LA CONFÉRENCE DE MÉDAILLÉ DE CAUCHER BIRKAR

La vie romanesque de Caucher Birkar – sa naissance dans une famille d’agriculteurs du Kurdistan iranien, son expérience de la guerre Iran-Irak, son statut de réfugié au Royaume-Uni et pour finir, le vol de sa médaille Fields lors de la cérémonie d’ouverture – a failli faire oublier l’essentiel : c’est un grand mathématicien et un scientifique d’une exceptionnelle générosité. Récompensé pour ses contributions remarquables sur les variétés de Fano, « le seul individu à avoir reçu deux fois la médaille Fields », pour citer son chairman Junghai Chen, a livré sur la classification des variétés algébriques un exposé incroyablement clair, étant donnée la complexité du sujet.
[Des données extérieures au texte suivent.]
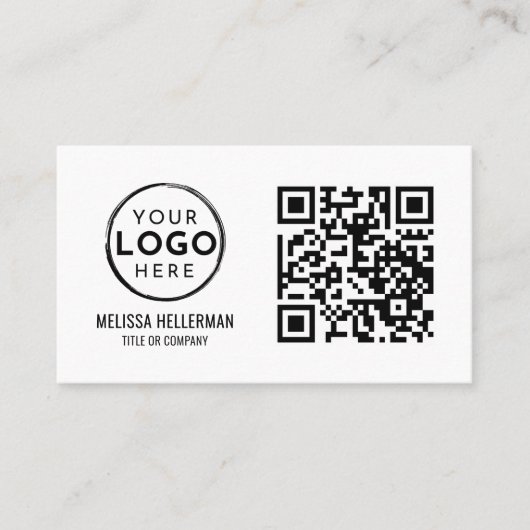 QR Code Modern Professionele Foto Uw Logo Visitekaartje (Voorkant)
Avec une pincée d’humour, prenant le public par la main, il a patiemment défini les concepts indispensables tel le genus (le nombre de trous dans une surface de Riemann), les variétés algébriques (les « surfaces » solutions d’une équation polynomiale), les notions de variétés lisses et de points singuliers, l’espace projectif en n-dimension, les variétés projectives dans un tel espace… Il a explicité les différences de fond entre les possibles approches des problèmes touchant à la théorie des nombres, à la géométrie algébrique, à la topologie. Surtout, il a présenté les trois sortes de variétés spéciales qui seraient le fil rouge de sa conférence (celles de Fano, celles de Calabi-Yau et celles canoniquement polarisées), d’une grande importance dans plusieurs domaines des mathématiques mais aussi en physique (en particulier pour la théorie des cordes ou la symétrie miroir), avant d’énoncer des conjectures et de parler de résultats récents. On en ressortait certes pas géomètre algébriste mais tout de même un peu plus familier de cet univers réputé inaccessible.

Comme ses collègues, Caucher Birkar a eu droit à son bain de foule et de flashes après son exposé.